Dataset content ::
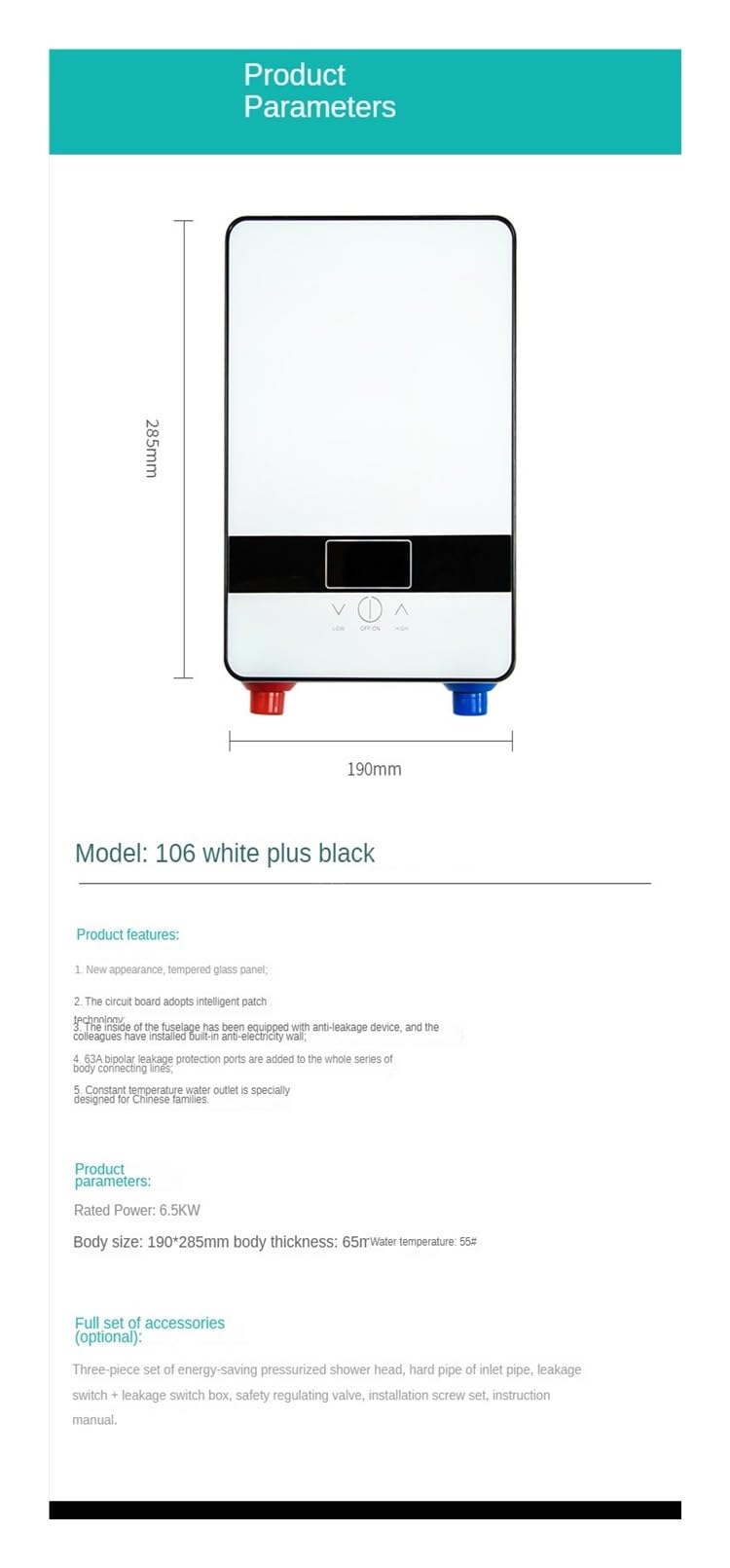 Calentador de Agua de Calentamiento rápido Mini Calentador De Agua Instantáneo Eléctrico Sin Agradecimiento De 5500W, Grifo De Baño, Calefacción Instantánea En 3 Segundos Más cómodo de Usar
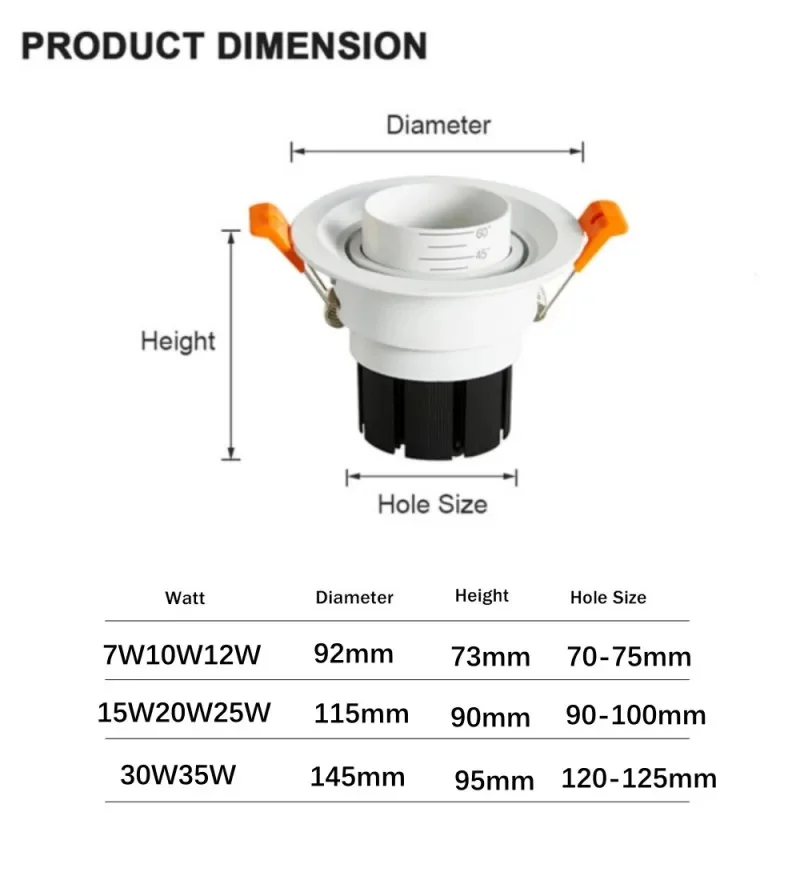 Hole 75/95/120MM Zoom Beam Angle Adjustable LED COB Recessed Downlight 12W 20W 30W LED Ceiling Spot Light for Picture Background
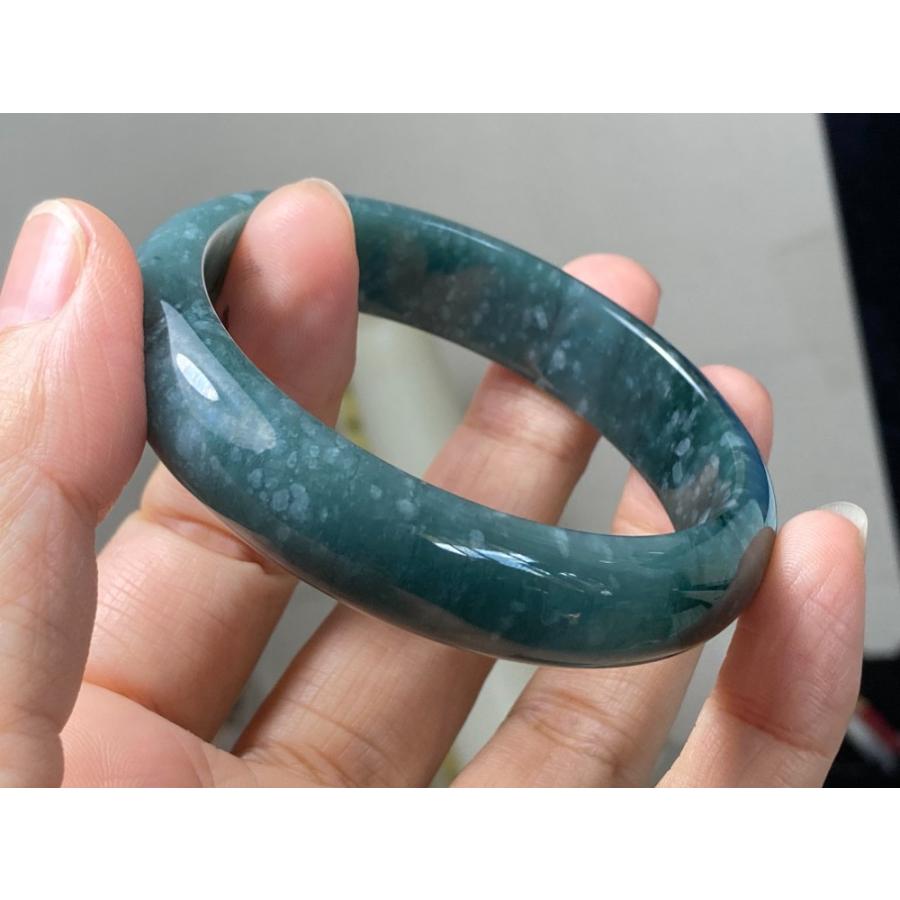 BG9-05 美品 糯氷種 深灰藍飃雪花 53.8MM グアテマラ産 本翡翠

Task description ::
All of the data should come back exactly as written, but without pictures.

Task result ::
 Calentador de Agua de Calentamiento rápido Mini Calentador De Agua Instantáneo Eléctrico Sin Agradecimiento De 5500W, Grifo De Baño, Calefacción Instantánea En 3 Segundos Más cómodo de Usar
 Hole 75/95/120MM Zoom Beam Angle Adjustable LED COB Recessed Downlight 12W 20W 30W LED Ceiling Spot Light for Picture Background
 BG9-05 美品 糯氷種 深灰藍飃雪花 53.8MM グアテマラ産 本翡翠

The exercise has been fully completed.